Auch in Frankfurt (Oder) beobachten die Wasserwirtschaftler die Entwicklung mit Besorgnis. „Wir gewinnen unser Trinkwasser aus der Spree und reichern damit das vorhandene, aber knappe Grundwasser an, so Anne Silchmüller, Pressesprecherin der FWA mbH. Das Klima habe die Situation verschärft: Der Sulfatgehalt der Spree steigt, weil es weniger regnet. Und auch die Grundwasserneubildung blieb in den letzten Jahren nahezu aus. Seit längerem versuche die FWA neue Grundwasserressourcen zu erschließen. Vattenfall unterstütze die Wasserwirtschaftler dabei mit Gutachten. Wir plädieren für eine verursachungsgerechte Verteilung der Kosten, betonte die Pressesprecherin.

Einfacher wäre es das Wasserwerk Müllrose zu sanieren und wieder in Betrieb zu nehmen, da eine Betriebsgenehmigung (wasserrechtliche Erlaubnis) bereits vorliegt. „Die Finanzierung für die Sanierung ist bisher aber an der Ablehnung der LMBV gescheitert“, erklärt Frau Silchmüller.

Während Vattenfall und das Land Brandenburg sofort die finanzielle Beteiligung an der Sanierung des Wasserwerkes Müllrose zugesagt hatten, lehnte die Lausitzer und Mitteldeutsche Bergbau-Verwaltungsgesellschaft mbH (LMBV) eine Beteiligung ab. Auf Nachfrage bei der LMBV für die Gründe der ablehnenden Haltung verwies man seitens der Pressestelle auf das Bundesministerium der Finanzen (BMF). Auskunftsbefugt sei zu dieser Problematik seit dem

1. Februar nur noch das Fachreferat VIII A3 unter der Leitung von Dr. Claus-Peter Pietras.

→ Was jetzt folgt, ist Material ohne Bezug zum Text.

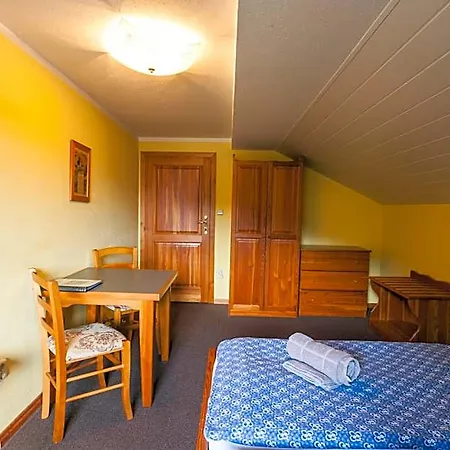 Haus Wildbach - Baranek Resorts
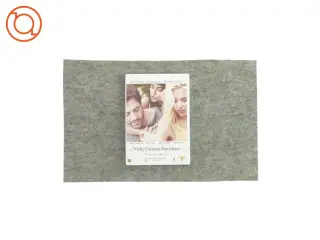 Vicky Christina Barcelona (DVD)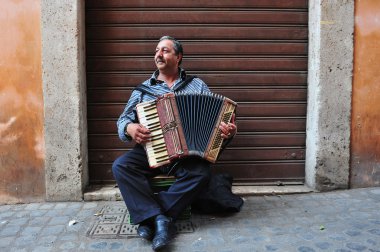 Roma İtalya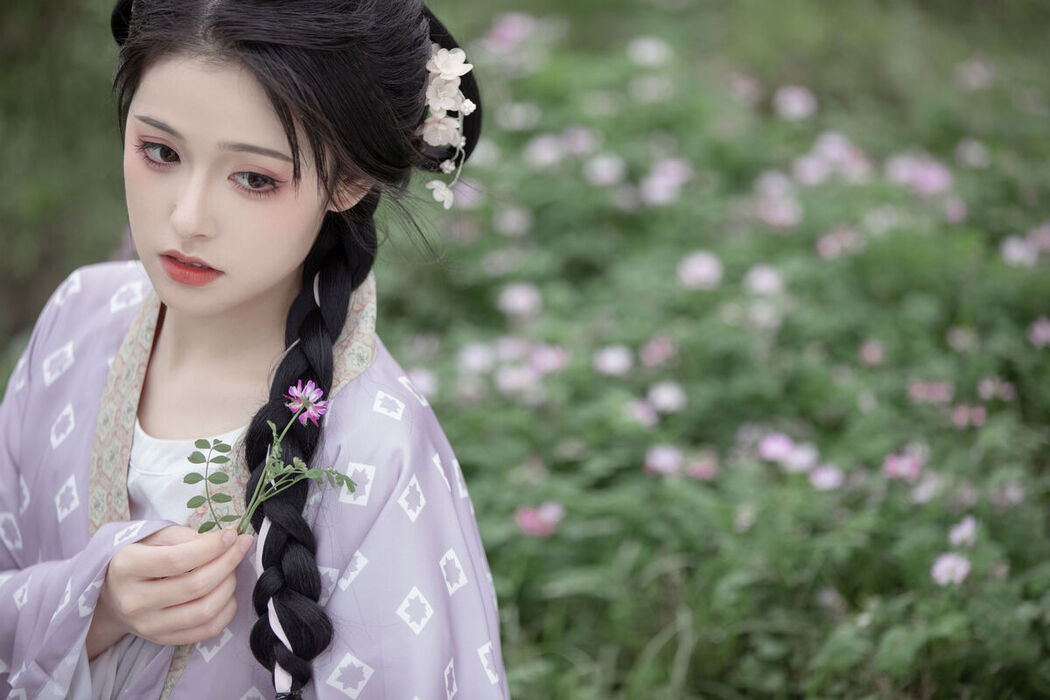 YiTuYu艺图语 Vol.7204 Tian Tian Quan Quan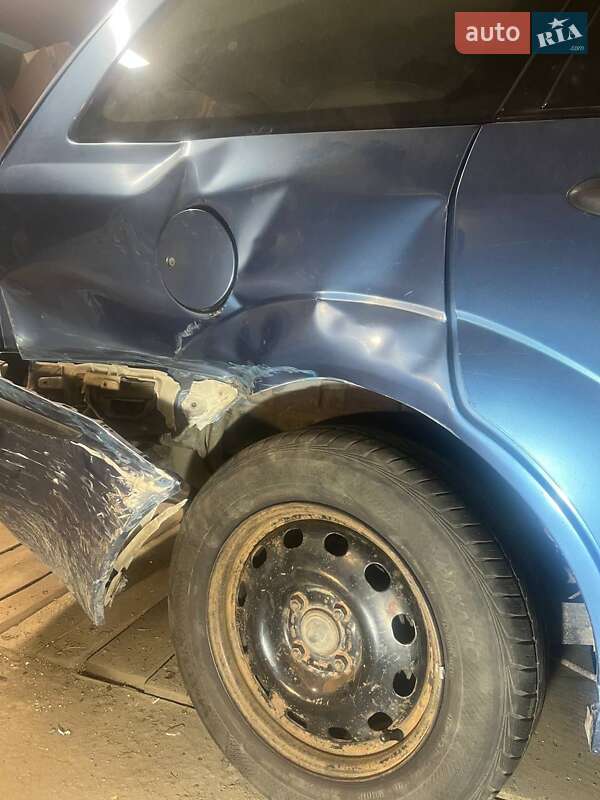 Универсал Ford Focus 2003 в Дрогобыче фото 2 Универсал Ford Focus 2003 в Дрогобыче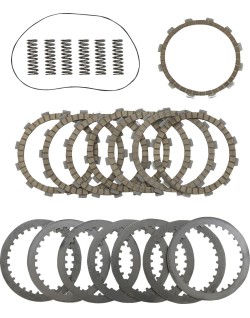 CLUTCH KIT MSE HON CRF450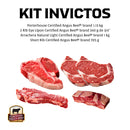 Kit Invictos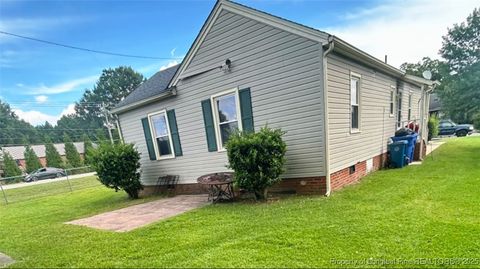 Tiny photo for 6341 Cliffdale Road, Fayetteville, NC 28314 (MLS # 752055)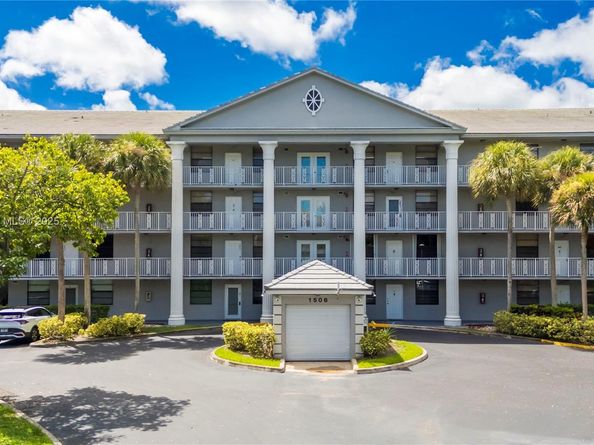 1506 Whitehall Dr 101, Davie FL 33324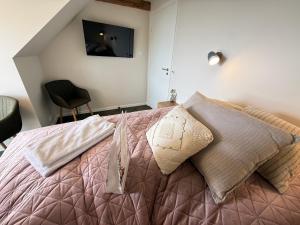 Bramslev Bakker Naturhotel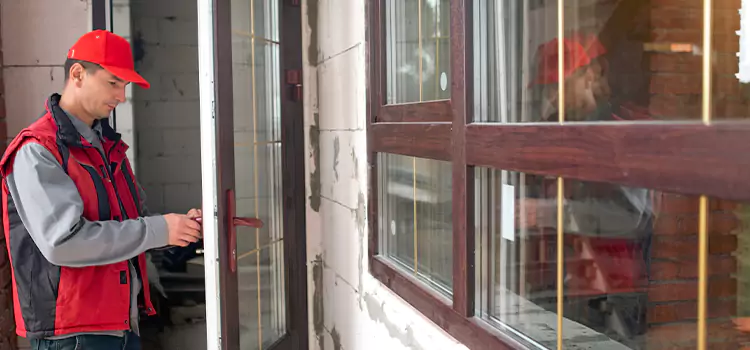 Sliding Door Lock Repair Murrieta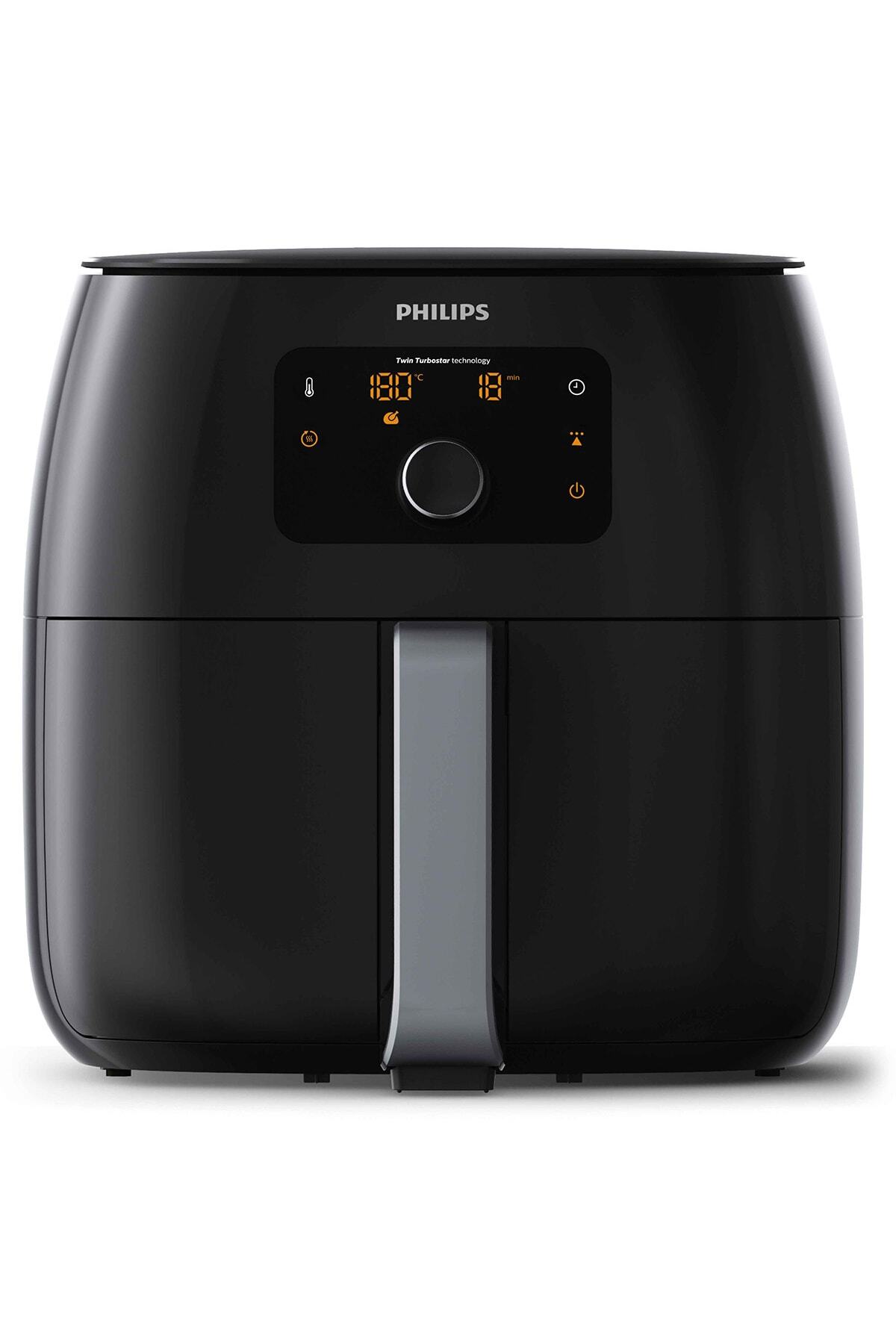 سرخ کن AIRFRYER XXL اورجینال Philips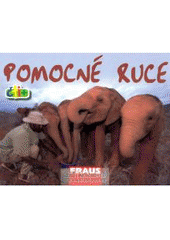 kniha Pomocné ruce, Fraus 2008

Die Anfrage an das BMF leitete Pressesprecherin Ingeburg Grüning an das Referat für Bürgerangelegenheiten und von dort kam: „…die zuständigen Landesbehörden würden, da für die Entwicklung der Sulfatfrachten derzeit keine gesicherten Aussagen existieren, im ersten Halbjahr 2016 eine Studie zur Prognose der Sulfatfrachten in Auftrag geben. Erst nach den Ergebnissen der Studie kann ggf. eine Mitverantwortung der LMBV festgestellt werden. Ein Fertigstellungszeitraum für die Prognosestudie wurde nicht benannt….“

Anne Silchmüller von der FWA beschreibt den Zustand treffend: „Es passiert schon etwas, aber es ist eine Politik der Langsamkeit.“

Bleibt zu hoffen, daß etwas passiert, bevor es zu spät ist.